MODELING WIND EROSION INTERMITTENCY

Abstract:

To improve dust emission schemes in large scale transport models, we developed the first physically-based model simulating the full erosion process in a turbulent flow by resolving explicitly saltating particle trajectories and dust suspension, in presence of vegetation. The large-eddy simulation technic is used here to simulate the turbulent flow, allowing to solve explicitly the main wind gusts near the surface and so the intermittency of the erosion process. The model appeared able to reproduce the saltation intermittency as visualized through the presence of blowing sand structures near the surface, known as aeolian streamers observed on beaches during windy days. In presence of vegetation, the model further allowed us to investigate the sensitivity of sand erosion to the arrangement and morphology of plants (shrubs versus trees).
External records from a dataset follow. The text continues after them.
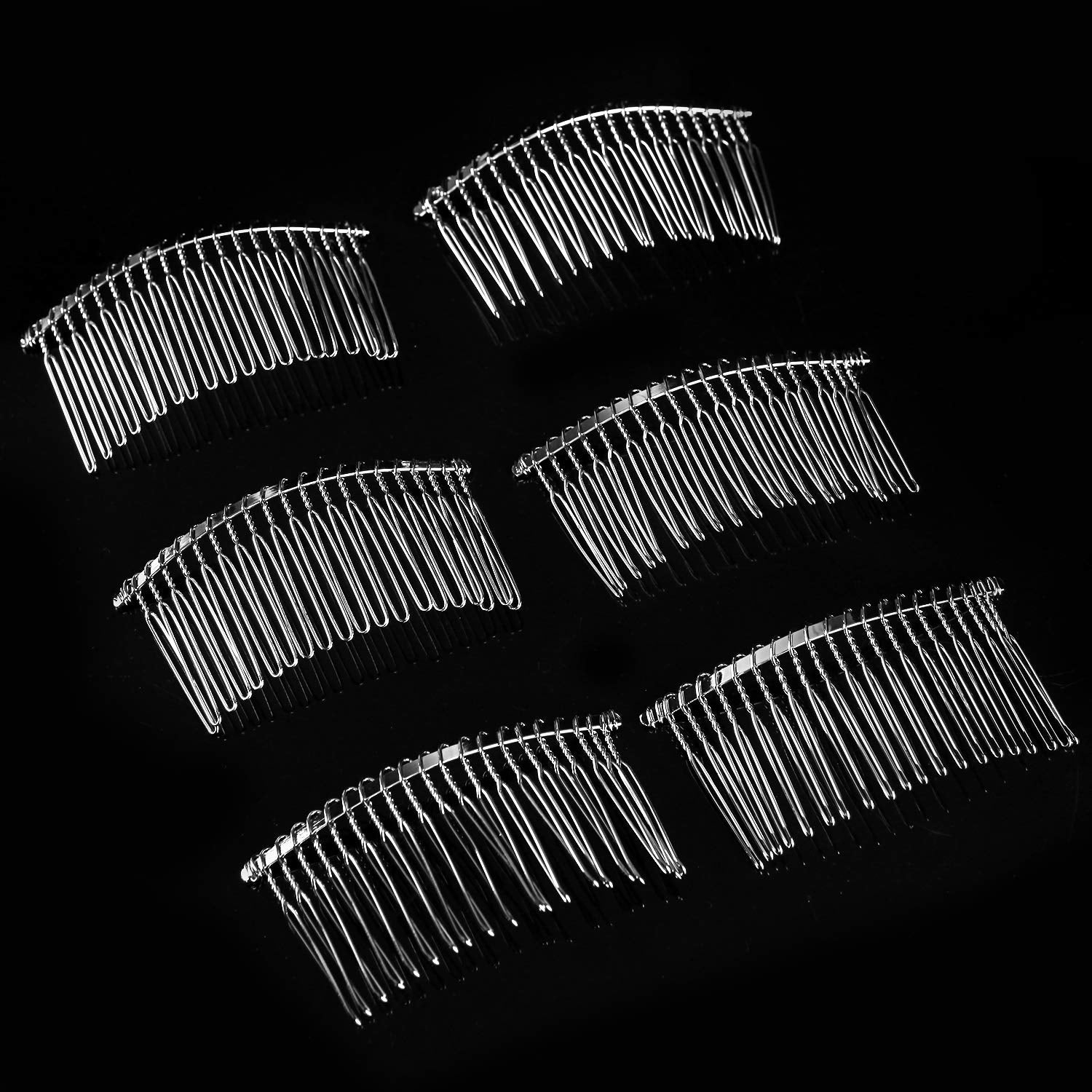 senkary comb in bridal updo demonstrates stable veil attachment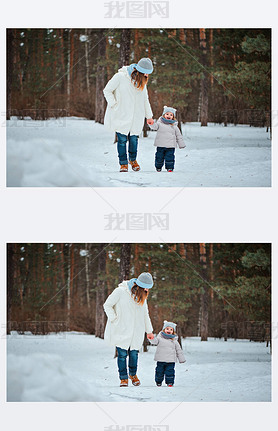 Mother and daughter walking in snowy forest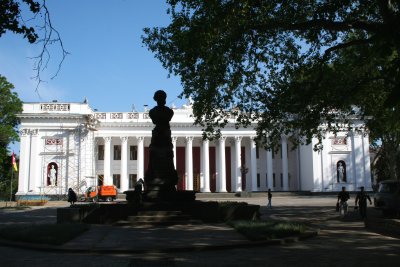 Silhouette of Aleksandr Pushkin monument with the City Hall in the background.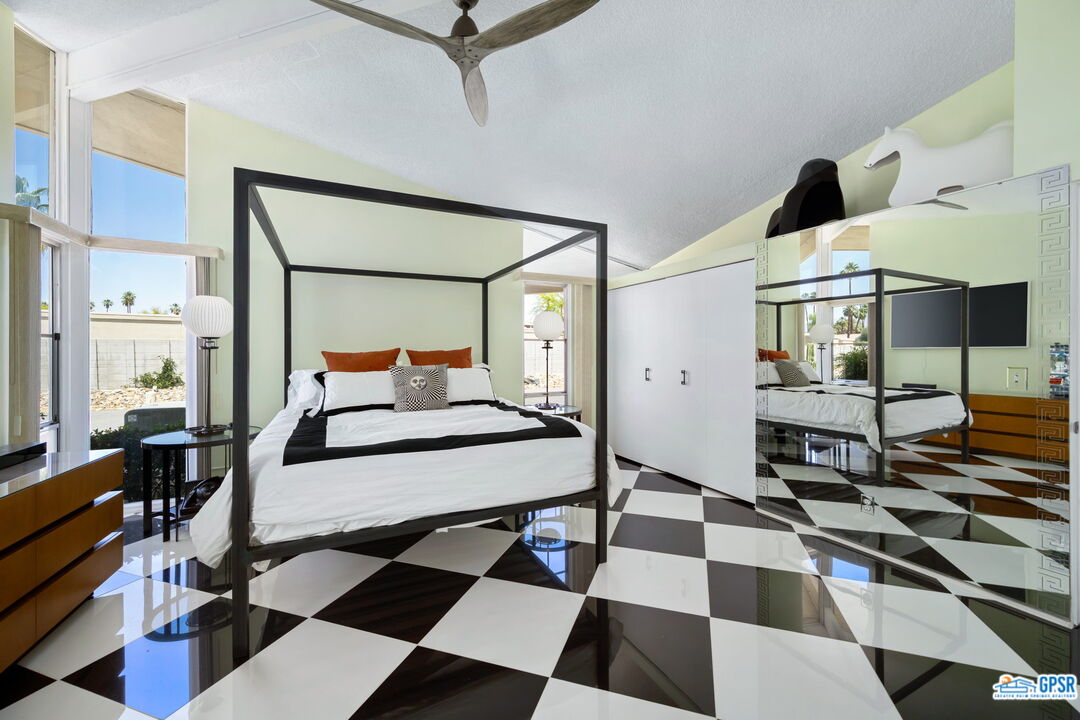 37800 Da Vall Drive, Unit 9 Rancho Mirage, CA 92270 - Photo 18 of 24 a bedroom with a bed and wooden floor
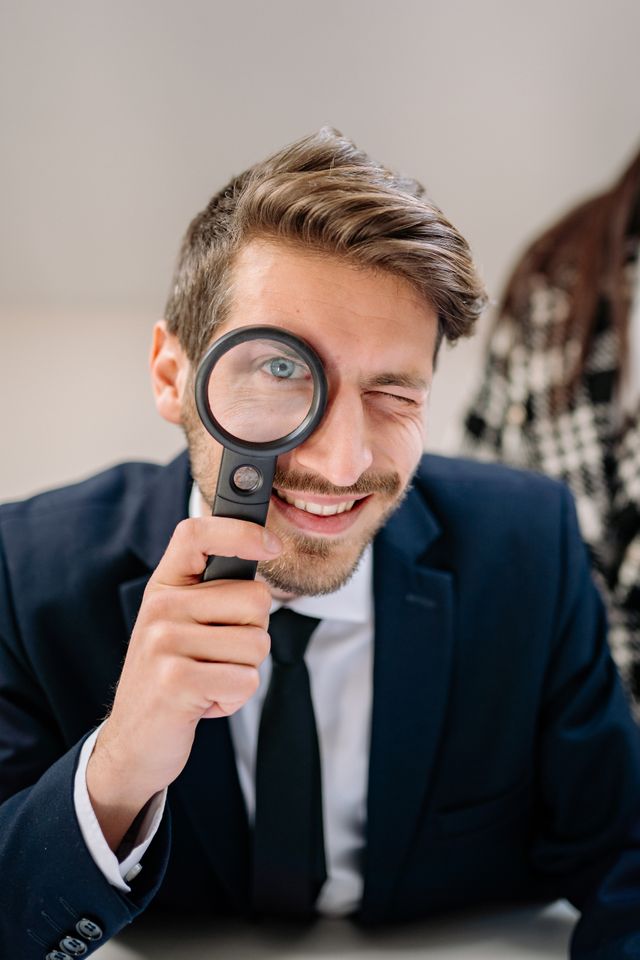 A cheerful businessman in a blue suit holding a magnifying glass to his eye, adding a playful touch.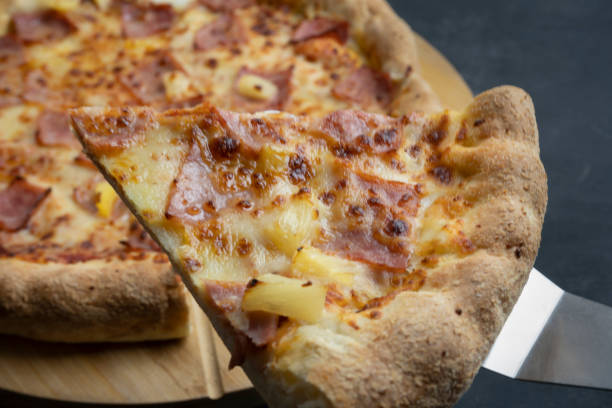 istock Delicious pizza slice with hawaiian pizza on dark background. 1364034260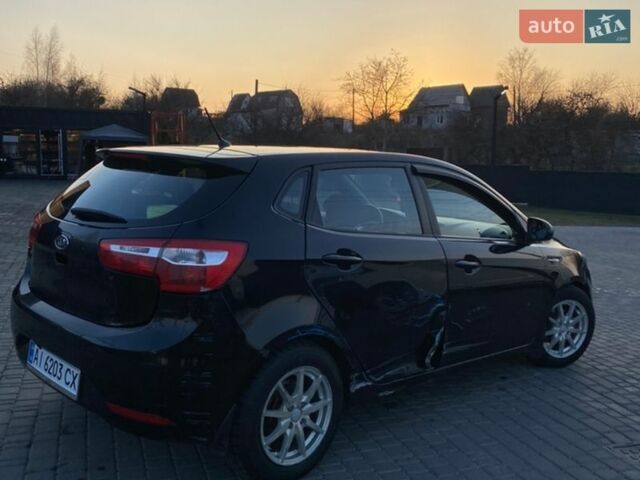 Чорний Кіа Ріо, об'ємом двигуна 1.4 л та пробігом 169 тис. км за 4499 $, фото 6 на Automoto.ua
More recently, we further used the model to reanalyze the dependence of the size distribution of the dust flux to the wind speed for idealized erosion events starting from an air free of dust. We found that the suspension of small dust (around 1 μm) can be a long nonstationary process (several hours depending on the wind intensity) due to the low deposition velocity of this particle size range. This leads to a continuous enrichment of the near-surface dust flux in small particles, enrichment that is enhanced with wind intensity, independently of the possible role of saltators. The model also showed that the size distribution and magnitude of dust fluxes at a few meters height differ from those of the emitted flux at the surface as particles start to be sorted through the deposition process within the saltation layer. This last result should be considered when evaluating or calibrating “physically based” dust emission schemes against measured near-surface turbulent diffusive dust fluxes.